Taphophoyx

Scientific classification
- Kingdom: Animalia
- Phylum: Chordata
- Class: Aves
- Order: Pelecaniformes
- Family: Ardeidae
- Genus: †Taphophoyx Steadman & Takano, 2019
- Species: †T. hodgei
- Binomial name: †Taphophoyx hodgei Steadman & Takano, 2019

= Taphophoyx =

- Genus: Taphophoyx
- Species: hodgei
- Authority: Steadman & Takano, 2019
- Parent authority: Steadman & Takano, 2019

Extinct genus of bird

Taphophoyx is an extinct genus of herons in the family Ardeidae. There is only one known species, Taphophoyx hodgei.

==Habitat==
Taphophoyx hodgei is believed to have lived in wetlands, like the great blue heron does today.

==Discovery==
T. hodgei was discovered in November 2017 in Montbrook Fossil Site, Florida by volunteers Toni-Ann Benjamin and Sharon Shears. On November 9th, 2017, a complete left coracoid was excavated, and a week later, a complete left scapula, two bones that have significant roles in flight.

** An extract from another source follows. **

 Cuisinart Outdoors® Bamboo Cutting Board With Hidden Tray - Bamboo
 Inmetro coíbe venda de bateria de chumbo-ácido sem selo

Taphophoyx is said to have been the first new taxon to have been discovered at Montbrook Site.

==Etymology==
The name Taphophoyx means "Buried heron" in Greek and Latin, and hodgei is in honor of the landowner of Montbrook, Eddie Hodge, of whom also gives the common name for this species, "Hodge's tiger heron".

==Phylogenetics==
The phylogenetic affinities of T. hodgei are not well resolved, but there is proof that the tiger herons and the boat-billed heron are the closest relatives of Taphophoyx, mainly evident on the faces articularis.